REQUIRED ACTION:
Please repeat every entry exactly as given, apart from dropping the images.

AVAILABLE DATA:
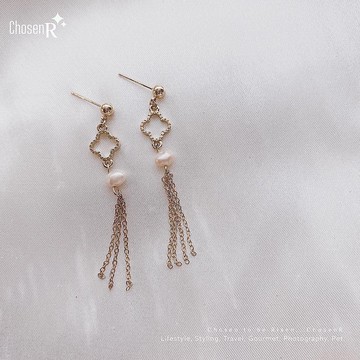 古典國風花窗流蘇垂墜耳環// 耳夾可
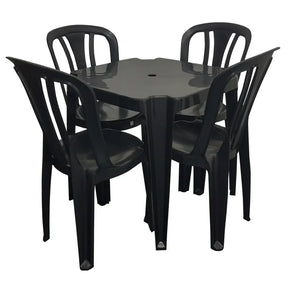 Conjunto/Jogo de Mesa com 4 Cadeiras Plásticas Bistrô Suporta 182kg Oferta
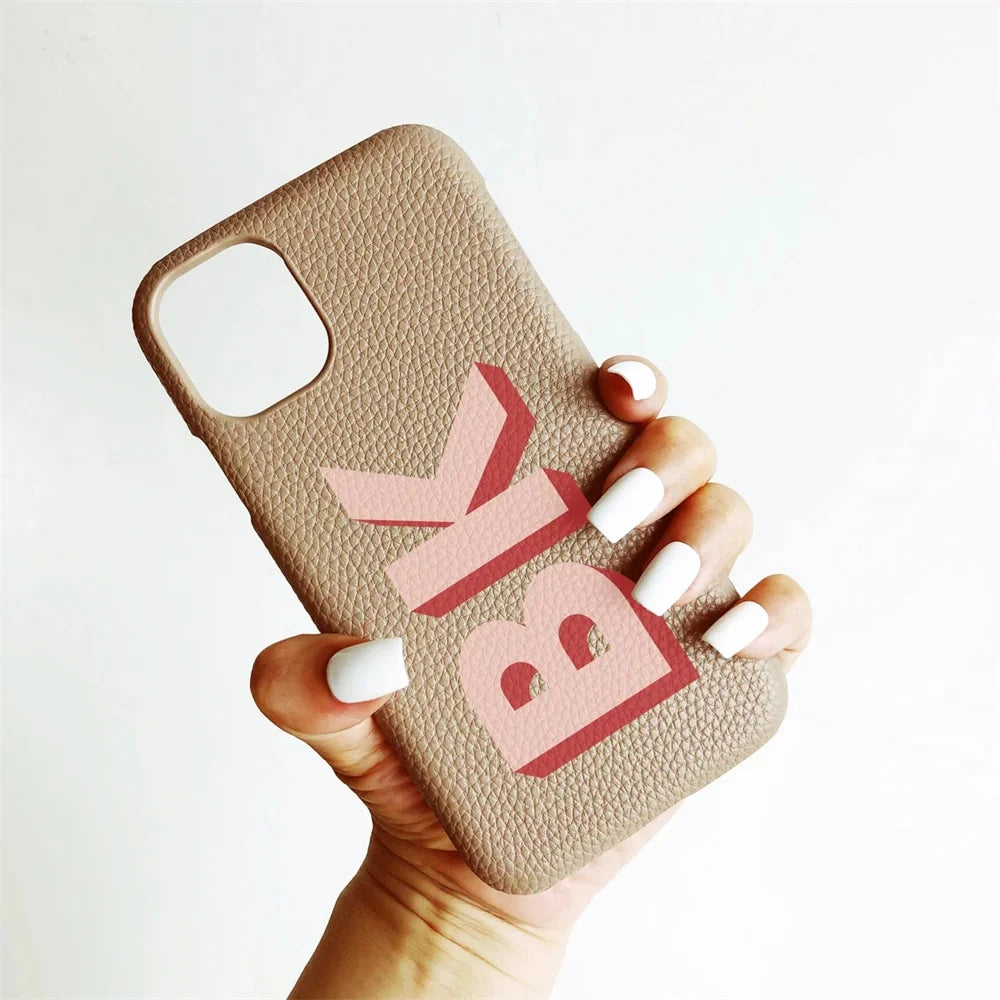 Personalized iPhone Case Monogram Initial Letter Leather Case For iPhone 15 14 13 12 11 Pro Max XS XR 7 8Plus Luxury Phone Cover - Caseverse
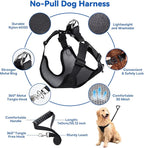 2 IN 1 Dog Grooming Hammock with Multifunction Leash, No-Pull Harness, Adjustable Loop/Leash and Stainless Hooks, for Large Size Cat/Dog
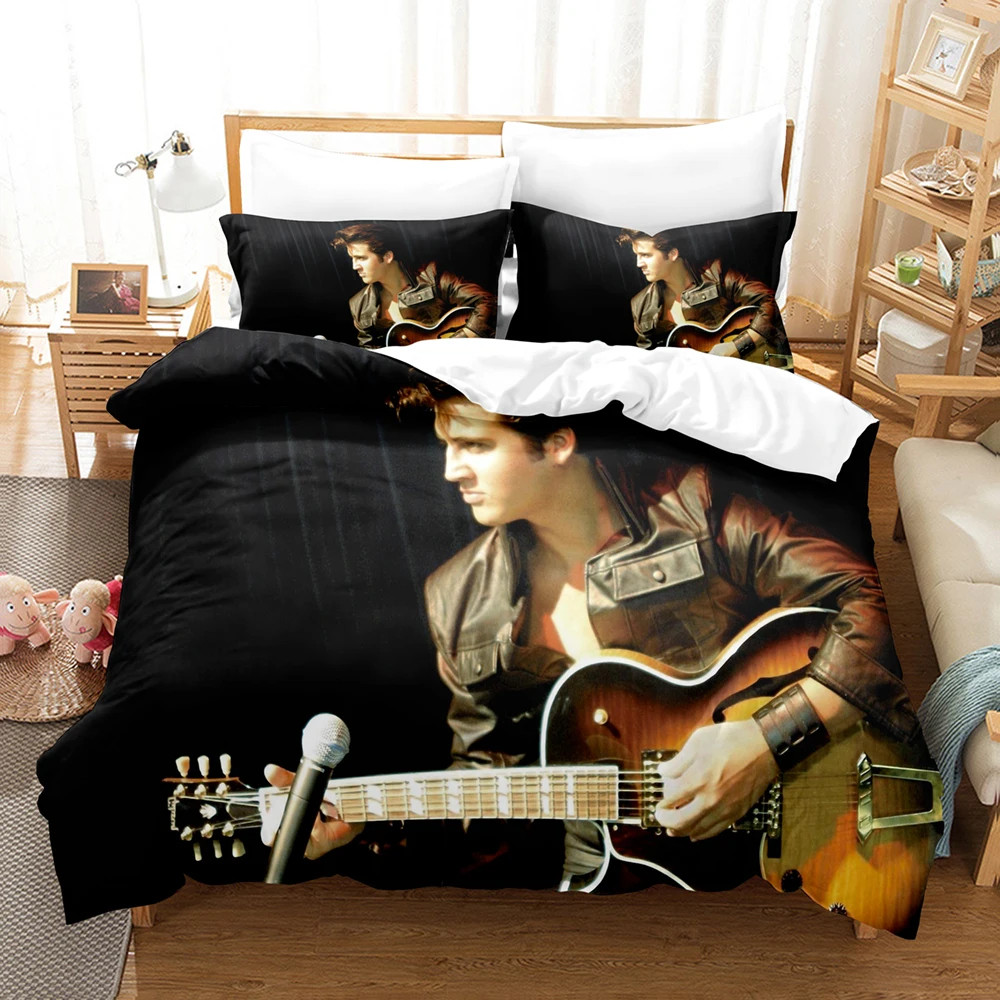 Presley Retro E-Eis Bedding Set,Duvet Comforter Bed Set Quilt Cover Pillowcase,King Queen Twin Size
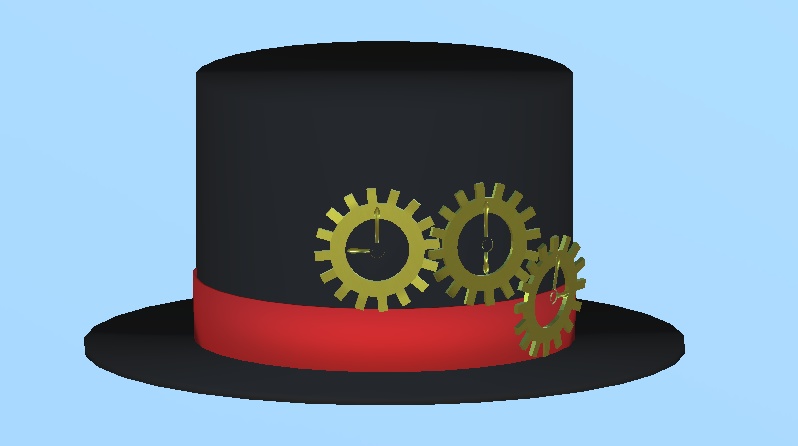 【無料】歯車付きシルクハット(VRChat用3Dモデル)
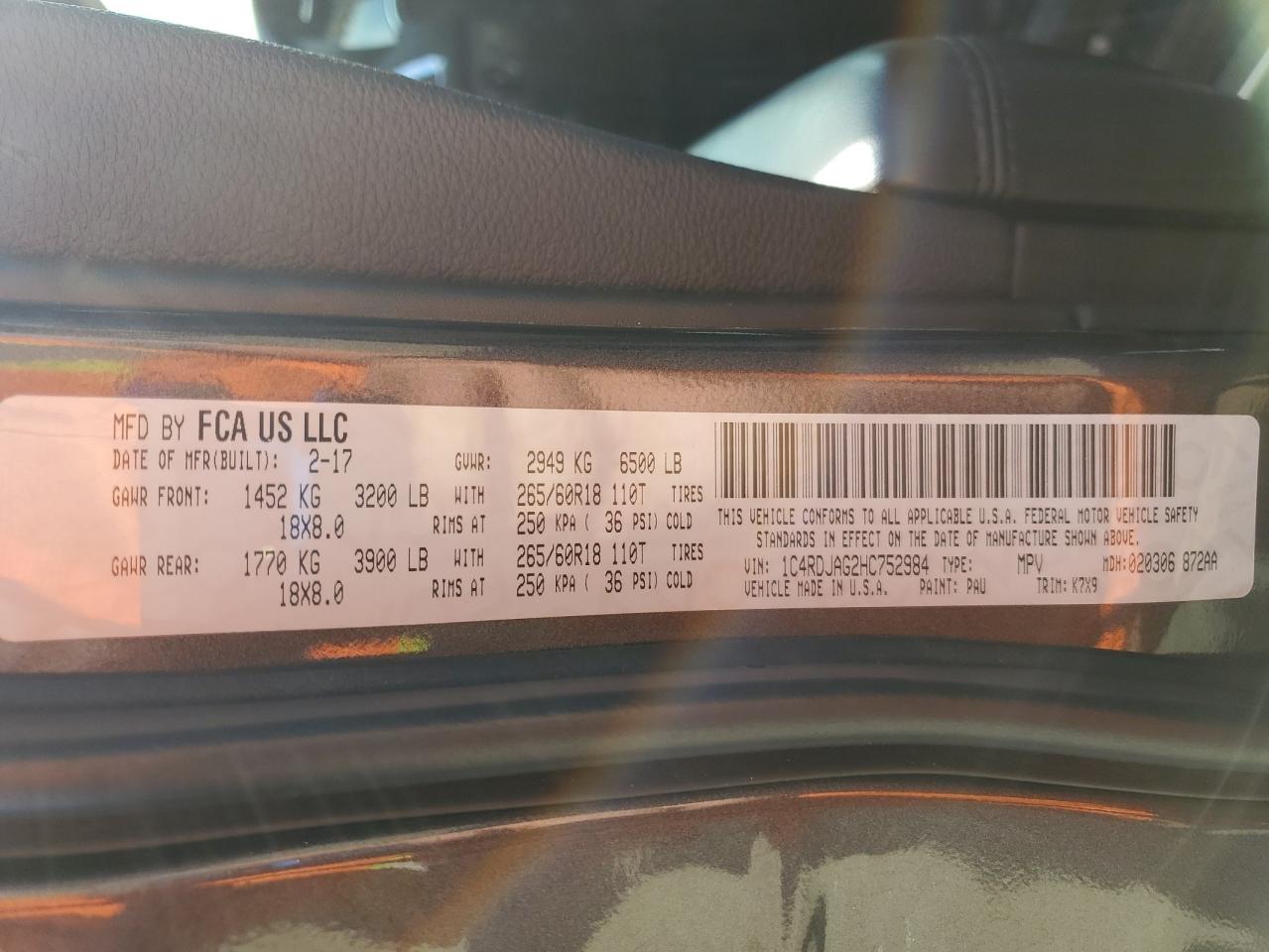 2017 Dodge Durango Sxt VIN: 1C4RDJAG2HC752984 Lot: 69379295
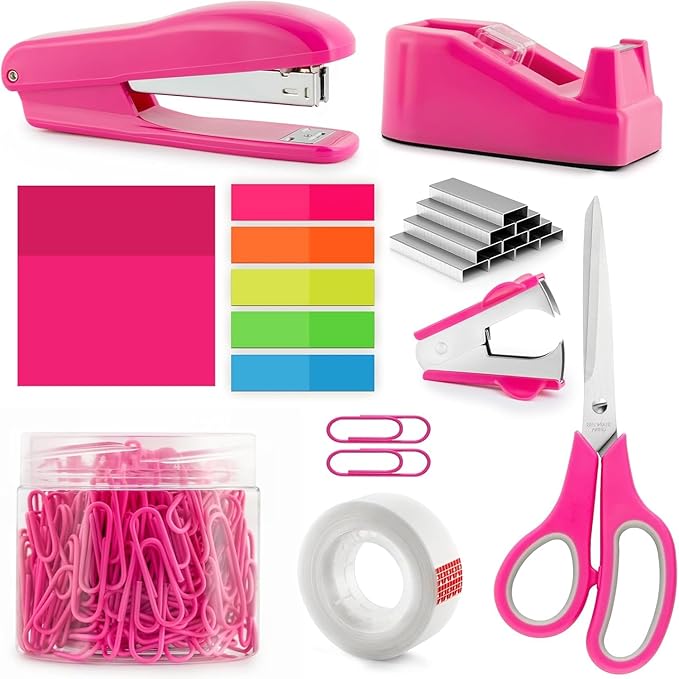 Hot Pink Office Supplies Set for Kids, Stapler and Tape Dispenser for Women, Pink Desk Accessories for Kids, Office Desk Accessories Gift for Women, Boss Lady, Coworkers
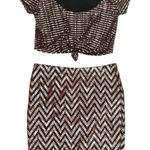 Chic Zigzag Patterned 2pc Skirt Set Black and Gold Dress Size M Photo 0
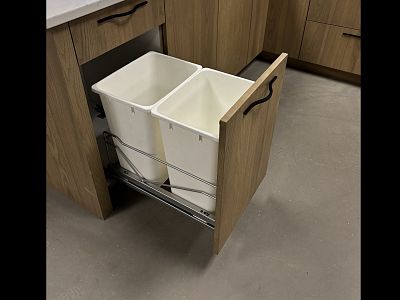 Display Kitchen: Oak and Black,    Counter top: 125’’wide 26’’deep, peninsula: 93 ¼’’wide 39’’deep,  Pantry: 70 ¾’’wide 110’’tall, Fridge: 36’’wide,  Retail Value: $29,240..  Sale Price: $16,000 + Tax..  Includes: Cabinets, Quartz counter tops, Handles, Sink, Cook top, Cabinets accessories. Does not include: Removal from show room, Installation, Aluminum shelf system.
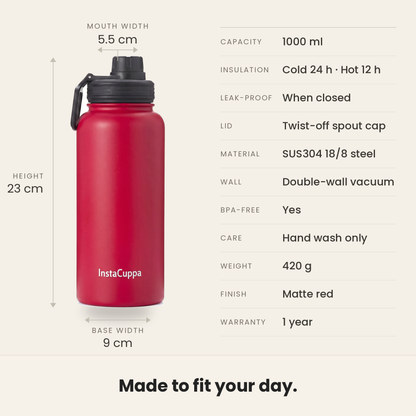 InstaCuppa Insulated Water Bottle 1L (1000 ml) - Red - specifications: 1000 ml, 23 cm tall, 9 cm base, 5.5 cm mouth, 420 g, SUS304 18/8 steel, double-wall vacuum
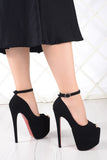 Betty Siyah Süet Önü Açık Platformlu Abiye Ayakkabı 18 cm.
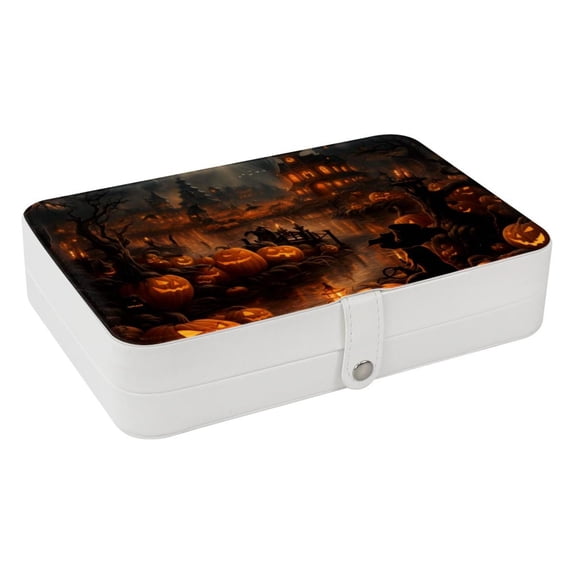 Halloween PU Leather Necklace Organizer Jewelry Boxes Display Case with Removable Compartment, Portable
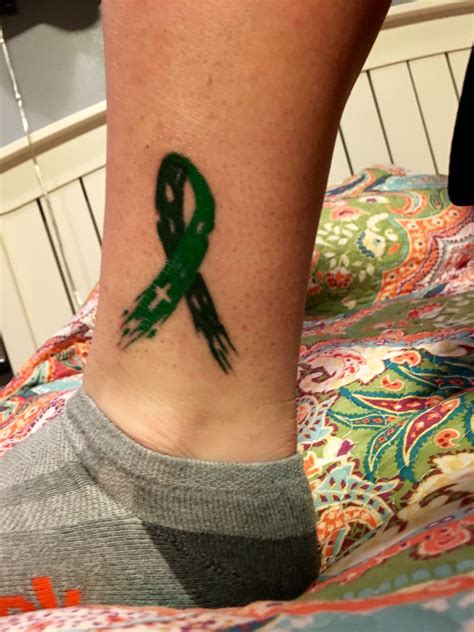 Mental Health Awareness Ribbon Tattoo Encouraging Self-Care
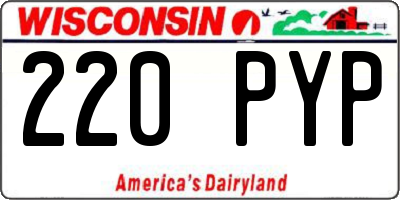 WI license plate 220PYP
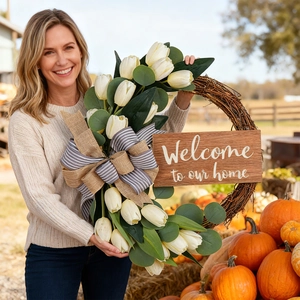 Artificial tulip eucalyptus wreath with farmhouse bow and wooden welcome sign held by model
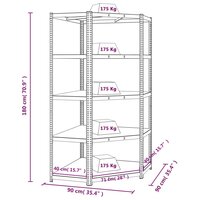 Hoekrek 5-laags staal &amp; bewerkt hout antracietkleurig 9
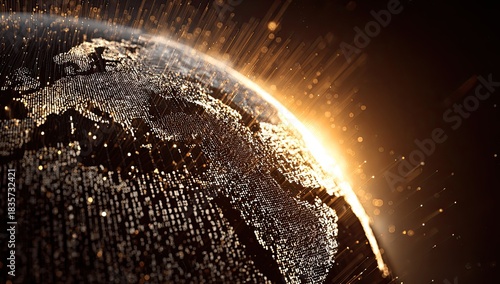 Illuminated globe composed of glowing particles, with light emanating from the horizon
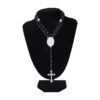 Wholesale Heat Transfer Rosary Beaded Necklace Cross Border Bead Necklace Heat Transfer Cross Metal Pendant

SOLUTION TO THIS TASK:
 古典國風花窗流蘇垂墜耳環// 耳夾可
 Conjunto/Jogo de Mesa com 4 Cadeiras Plásticas Bistrô Suporta 182kg Oferta
 Personalized iPhone Case Monogram Initial Letter Leather Case For iPhone 15 14 13 12 11 Pro Max XS XR 7 8Plus Luxury Phone Cover - Caseverse
 2 IN 1 Dog Grooming Hammock with Multifunction Leash, No-Pull Harness, Adjustable Loop/Leash and Stainless Hooks, for Large Size Cat/Dog
 Presley Retro E-Eis Bedding Set,Duvet Comforter Bed Set Quilt Cover Pillowcase,King Queen Twin Size
 【無料】歯車付きシルクハット(VRChat用3Dモデル)
 2017 Dodge Durango Sxt VIN: 1C4RDJAG2HC752984 Lot: 69379295
 Hot Pink Office Supplies Set for Kids, Stapler and Tape Dispenser for Women, Pink Desk Accessories for Kids, Office Desk Accessories Gift for Women, Boss Lady, Coworkers
 Chic Zigzag Patterned 2pc Skirt Set Black and Gold Dress Size M Photo 0
 Display Kitchen: Oak and Black,    Counter top: 125’’wide 26’’deep, peninsula: 93 ¼’’wide 39’’deep,  Pantry: 70 ¾’’wide 110’’tall, Fridge: 36’’wide,  Retail Value: $29,240..  Sale Price: $16,000 + Tax..  Includes: Cabinets, Quartz counter tops, Handles, Sink, Cook top, Cabinets accessories. Does not include: Removal from show room, Installation, Aluminum shelf system.
 InstaCuppa Insulated Water Bottle 1L (1000 ml) - Red - specifications: 1000 ml, 23 cm tall, 9 cm base, 5.5 cm mouth, 420 g, SUS304 18/8 steel, double-wall vacuum
 Betty Siyah Süet Önü Açık Platformlu Abiye Ayakkabı 18 cm.
 Halloween PU Leather Necklace Organizer Jewelry Boxes Display Case with Removable Compartment, Portable
 Mental Health Awareness Ribbon Tattoo Encouraging Self-Care
 WI license plate 220PYP
 Artificial tulip eucalyptus wreath with farmhouse bow and wooden welcome sign held by model
 Hoekrek 5-laags staal &amp; bewerkt hout antracietkleurig 9
 Illuminated globe composed of glowing particles, with light emanating from the horizon
 Wholesale Heat Transfer Rosary Beaded Necklace Cross Border Bead Necklace Heat Transfer Cross Metal Pendant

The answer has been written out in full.